Instructions for the task
Go through the data line by line. Copy each one holding the string "Ceramic".

Top of Exercise inputs

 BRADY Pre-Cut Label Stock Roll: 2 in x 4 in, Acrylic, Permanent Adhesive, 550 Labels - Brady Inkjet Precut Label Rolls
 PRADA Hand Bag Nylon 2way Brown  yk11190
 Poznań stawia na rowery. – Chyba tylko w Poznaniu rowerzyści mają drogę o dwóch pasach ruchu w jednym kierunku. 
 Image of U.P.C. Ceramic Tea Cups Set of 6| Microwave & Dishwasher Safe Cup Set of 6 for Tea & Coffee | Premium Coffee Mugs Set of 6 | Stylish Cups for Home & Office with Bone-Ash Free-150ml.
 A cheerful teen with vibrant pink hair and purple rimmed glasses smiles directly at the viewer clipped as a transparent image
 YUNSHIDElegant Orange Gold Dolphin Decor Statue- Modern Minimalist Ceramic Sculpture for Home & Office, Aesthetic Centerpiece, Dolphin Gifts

Bottom of Exercise inputs

Problem solution
 Image of U.P.C. Ceramic Tea Cups Set of 6| Microwave & Dishwasher Safe Cup Set of 6 for Tea & Coffee | Premium Coffee Mugs Set of 6 | Stylish Cups for Home & Office with Bone-Ash Free-150ml.
 YUNSHIDElegant Orange Gold Dolphin Decor Statue- Modern Minimalist Ceramic Sculpture for Home & Office, Aesthetic Centerpiece, Dolphin Gifts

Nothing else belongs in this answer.